_Exercise aim_:
Of the records below, reproduce only the span that opens with the line containing "this 400×240 image." and closes with the last line.

Phrase grounding data:

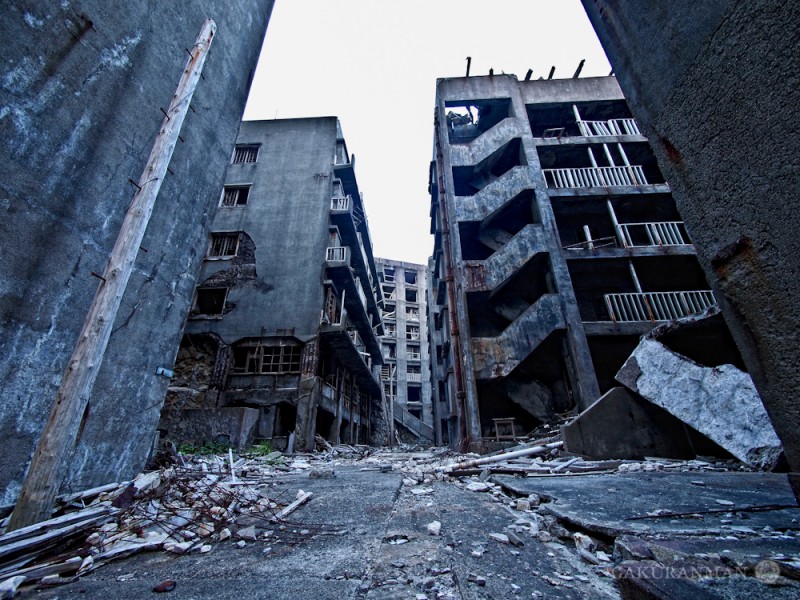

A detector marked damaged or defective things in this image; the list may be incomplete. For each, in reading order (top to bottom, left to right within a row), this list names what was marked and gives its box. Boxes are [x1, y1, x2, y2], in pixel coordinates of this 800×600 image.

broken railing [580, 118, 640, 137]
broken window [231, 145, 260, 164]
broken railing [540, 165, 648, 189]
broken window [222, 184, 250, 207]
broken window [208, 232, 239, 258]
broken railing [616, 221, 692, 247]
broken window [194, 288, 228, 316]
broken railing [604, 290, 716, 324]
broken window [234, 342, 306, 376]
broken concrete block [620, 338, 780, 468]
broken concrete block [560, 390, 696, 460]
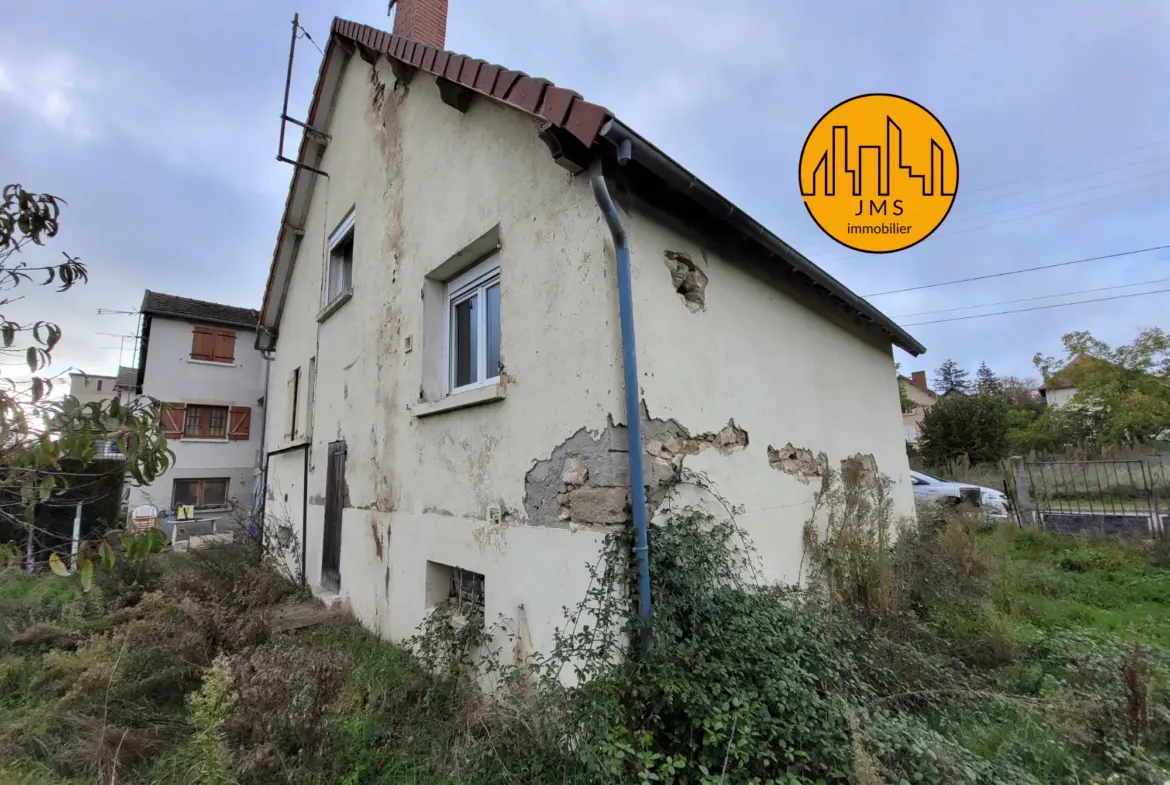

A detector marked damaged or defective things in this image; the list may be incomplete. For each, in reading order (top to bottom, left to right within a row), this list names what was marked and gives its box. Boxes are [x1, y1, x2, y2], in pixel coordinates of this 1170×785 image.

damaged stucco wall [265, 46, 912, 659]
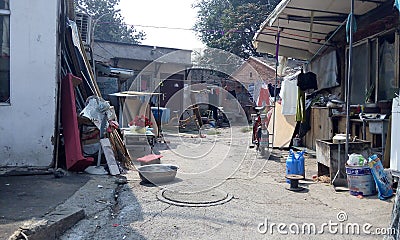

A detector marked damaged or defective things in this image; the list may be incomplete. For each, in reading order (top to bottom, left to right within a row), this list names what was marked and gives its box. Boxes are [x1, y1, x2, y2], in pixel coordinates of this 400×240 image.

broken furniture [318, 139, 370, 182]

_Output below_:
A detector marked damaged or defective things in this image; the list may be incomplete. For each, in reading order (top to bottom, left to right within a row), this list names what was marked and gives its box. Boxes are [x1, y1, x2, y2], in pixel coordinates of this 400×240 image.

broken furniture [318, 139, 370, 182]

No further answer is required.